### YOUR ASSIGNMENT
From the entries below, work out how many lines contain the string "Digital"; answer with the number alone.
DATA RECORDS Start Marker
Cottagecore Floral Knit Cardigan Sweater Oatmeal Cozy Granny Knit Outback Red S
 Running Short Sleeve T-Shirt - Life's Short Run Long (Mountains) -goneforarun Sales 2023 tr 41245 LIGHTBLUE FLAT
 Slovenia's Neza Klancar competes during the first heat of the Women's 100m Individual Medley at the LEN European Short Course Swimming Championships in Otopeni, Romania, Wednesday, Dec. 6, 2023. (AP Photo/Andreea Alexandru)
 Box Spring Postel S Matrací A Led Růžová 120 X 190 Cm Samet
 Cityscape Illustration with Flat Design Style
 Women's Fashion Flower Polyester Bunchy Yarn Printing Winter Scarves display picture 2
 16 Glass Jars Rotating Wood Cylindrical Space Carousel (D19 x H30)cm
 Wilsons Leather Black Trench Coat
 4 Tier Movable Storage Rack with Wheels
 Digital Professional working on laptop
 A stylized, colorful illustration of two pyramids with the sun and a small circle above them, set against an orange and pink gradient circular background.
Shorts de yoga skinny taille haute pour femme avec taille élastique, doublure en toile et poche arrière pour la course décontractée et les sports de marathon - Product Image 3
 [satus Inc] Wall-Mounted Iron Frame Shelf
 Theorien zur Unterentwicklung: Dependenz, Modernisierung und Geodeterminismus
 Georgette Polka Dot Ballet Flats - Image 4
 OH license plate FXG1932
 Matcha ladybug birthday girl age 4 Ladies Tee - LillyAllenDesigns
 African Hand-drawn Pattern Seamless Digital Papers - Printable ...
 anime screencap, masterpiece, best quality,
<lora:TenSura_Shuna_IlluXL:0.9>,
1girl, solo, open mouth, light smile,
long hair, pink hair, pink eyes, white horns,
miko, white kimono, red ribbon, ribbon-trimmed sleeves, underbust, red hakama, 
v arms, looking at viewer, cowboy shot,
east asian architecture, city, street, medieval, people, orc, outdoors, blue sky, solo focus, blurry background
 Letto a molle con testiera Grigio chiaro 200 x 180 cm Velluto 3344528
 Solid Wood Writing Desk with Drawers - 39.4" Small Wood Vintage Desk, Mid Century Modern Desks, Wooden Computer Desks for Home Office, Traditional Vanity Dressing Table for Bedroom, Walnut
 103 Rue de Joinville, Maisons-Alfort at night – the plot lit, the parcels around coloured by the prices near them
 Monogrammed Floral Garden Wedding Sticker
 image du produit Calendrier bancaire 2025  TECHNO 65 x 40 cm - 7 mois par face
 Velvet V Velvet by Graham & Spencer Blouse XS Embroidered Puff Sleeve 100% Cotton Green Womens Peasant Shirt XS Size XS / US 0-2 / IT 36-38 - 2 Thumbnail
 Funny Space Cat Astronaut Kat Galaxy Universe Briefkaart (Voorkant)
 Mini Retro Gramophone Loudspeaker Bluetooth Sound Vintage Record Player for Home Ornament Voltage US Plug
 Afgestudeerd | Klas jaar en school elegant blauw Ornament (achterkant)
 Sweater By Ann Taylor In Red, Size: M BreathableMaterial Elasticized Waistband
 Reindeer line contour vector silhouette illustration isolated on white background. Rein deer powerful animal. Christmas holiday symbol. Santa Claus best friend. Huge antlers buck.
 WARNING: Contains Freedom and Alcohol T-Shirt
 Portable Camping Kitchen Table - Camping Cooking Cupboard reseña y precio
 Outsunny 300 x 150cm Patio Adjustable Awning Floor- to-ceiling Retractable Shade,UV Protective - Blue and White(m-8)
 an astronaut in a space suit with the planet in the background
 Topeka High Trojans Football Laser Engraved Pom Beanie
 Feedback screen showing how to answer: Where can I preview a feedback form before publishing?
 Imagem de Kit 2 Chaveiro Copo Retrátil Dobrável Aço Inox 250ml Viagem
DATA RECORDS End Marker
### ANSWER TO THIS PROBLEM
2